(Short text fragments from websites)
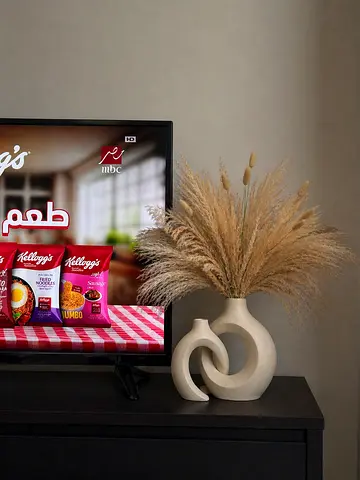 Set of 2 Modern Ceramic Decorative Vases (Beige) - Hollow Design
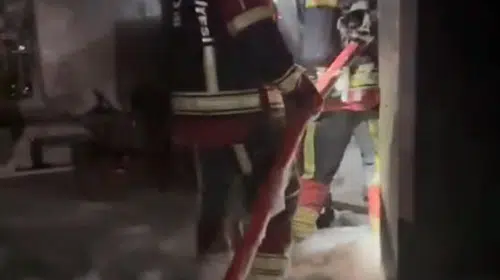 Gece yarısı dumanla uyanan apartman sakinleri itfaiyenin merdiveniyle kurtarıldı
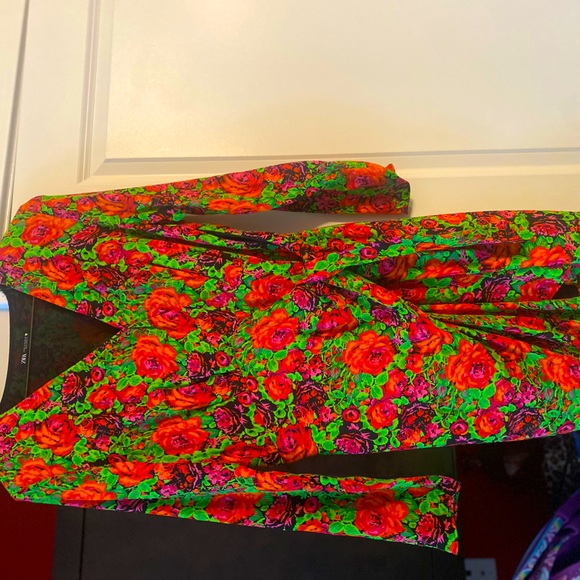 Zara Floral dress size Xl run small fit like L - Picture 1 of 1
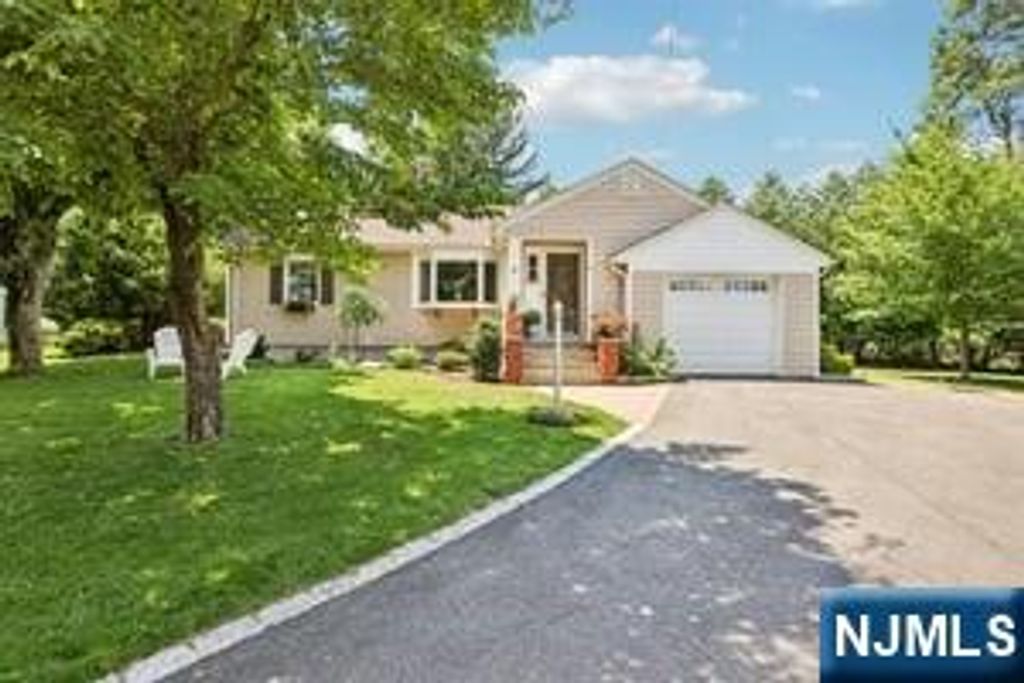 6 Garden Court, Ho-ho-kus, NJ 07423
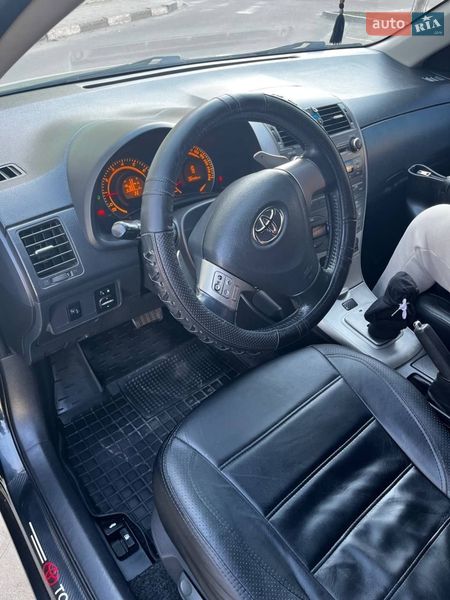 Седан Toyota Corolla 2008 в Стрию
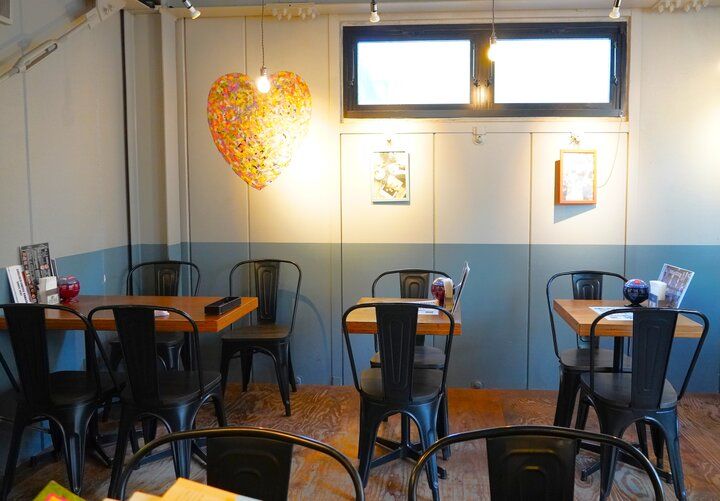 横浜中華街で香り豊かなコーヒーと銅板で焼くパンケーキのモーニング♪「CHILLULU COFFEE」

• Required work: Would you reproduce, exactly and with nothing added, every line from the beginning of the entries above through the line that contains "6 Garden Court, Ho-ho-kus, NJ 07423", both included, leaving out the pictures?

• Exercise result:
 Set of 2 Modern Ceramic Decorative Vases (Beige) - Hollow Design
 Gece yarısı dumanla uyanan apartman sakinleri itfaiyenin merdiveniyle kurtarıldı
 Zara Floral dress size Xl run small fit like L - Picture 1 of 1
 6 Garden Court, Ho-ho-kus, NJ 07423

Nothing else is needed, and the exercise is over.